A contractor's workers compensation insurance has a rate of $8.50 per $100 of payroll for a specific classification. If the annual payroll for this classification is $240,000, what is the annual workers compensation premium?
Correct Answer
B) $20,400
Workers compensation premium = (Payroll ÷ 100) × Rate. ($240,000 ÷ 100) × $8.50 = 2,400 × $8.50 = $20,400.

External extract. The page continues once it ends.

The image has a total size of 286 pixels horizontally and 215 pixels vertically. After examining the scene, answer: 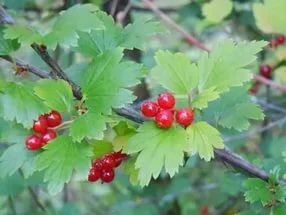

Why This Is the Correct Answer
The correct answer is A ($20,400) because workers compensation premiums are calculated by dividing the annual payroll by 100, then multiplying by the rate per $100 of payroll. With a payroll of $240,000 and a rate of $8.50 per $100, the calculation is ($240,000 ÷ 100) × $8.50 = 2,400 × $8.50 = $20,400. This is the standard formula used throughout the construction industry for workers compensation premium calculations.
Why the Other Options Are Wrong
Option A: $19,200
Option D ($19,200) is incorrect because it's close to but not equal to the correct answer. This could result from using an incorrect rate (like $8.00 instead of $8.50) or making a computational error in the multiplication step.
Option C: $28,235
Option B ($2,040) is incorrect because it appears to be the result of dividing the correct answer by 10, possibly from a calculation error where someone forgot to multiply by the full rate or made a decimal place error in the computation.
Memory Technique
Remember 'Divide by 100, then Multiply' - think 'D100M' for workers comp calculations. The rate is always 'per $100 of payroll' so you must first find how many $100 units you have.
Reference Hint
Look up workers compensation insurance calculations in the Business and Finance chapter, specifically the section on insurance premium calculations and payroll-based insurance costs.
More Business & Finance Questions
A general contractor purchases equipment worth $45,000 with a useful life of 9 years and no salvage value. Using straight-line depreciation, what is the annual depreciation expense?
What is the typical recommended coverage amount for general liability insurance for a small to medium-sized general contracting business?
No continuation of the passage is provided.